With no one to side with, we want to see Michael destroy this group of characters as painfully and quickly as possible. Busta Rhymes tops that list with ease. His “trick or treat motherf****r” line must rank up there with the lowest point of the series. To be fair, at least you’ll remember his character for the wrong reasons. The same can’t be said for the rest of the cast who make no impression whatsoever and are simply hanging around to be bumped off. In this respect, Halloween: Resurrection plays it safe. Rosenthal borrows too heavily from the previous films for the kills: there’s a head-crushing and the now-traditional shot of Michael stabbing someone before lifting them off the floor with the knife still firmly stuck inside.

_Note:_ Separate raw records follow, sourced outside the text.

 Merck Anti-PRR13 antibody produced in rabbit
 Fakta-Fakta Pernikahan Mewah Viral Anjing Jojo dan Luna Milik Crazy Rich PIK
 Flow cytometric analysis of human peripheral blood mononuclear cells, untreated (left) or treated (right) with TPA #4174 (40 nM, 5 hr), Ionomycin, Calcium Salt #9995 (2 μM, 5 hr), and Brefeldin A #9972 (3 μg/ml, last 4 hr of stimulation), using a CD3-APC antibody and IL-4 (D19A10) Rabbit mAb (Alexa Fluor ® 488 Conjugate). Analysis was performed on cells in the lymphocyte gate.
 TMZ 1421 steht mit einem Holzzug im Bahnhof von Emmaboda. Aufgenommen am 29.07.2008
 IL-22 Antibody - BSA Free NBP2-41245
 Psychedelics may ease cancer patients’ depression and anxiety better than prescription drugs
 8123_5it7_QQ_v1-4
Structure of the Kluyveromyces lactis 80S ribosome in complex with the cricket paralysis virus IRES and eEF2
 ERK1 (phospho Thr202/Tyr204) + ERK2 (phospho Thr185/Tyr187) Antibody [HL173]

The ending also left the way open for another sequel but, thankfully (or maybe not given what was to come) this had not come to fruition by the time of writing and instead, we were given Rob Zombie’s ‘re-imagining’ of the original. On that note, I’ll end the review…..


Halloween: Resurrection has a very strong opening ten minutes which ranks up there with the best bits of the series. From then on it’s a downward spiral of mediocrity until it reaches rock bottom with Busta Rhymes dishing out some martial arts moves on one of the icons of horror. It’s a poor way for the original incarnation of Michael Myers to bow out but the series could have done a lot worse to send him off.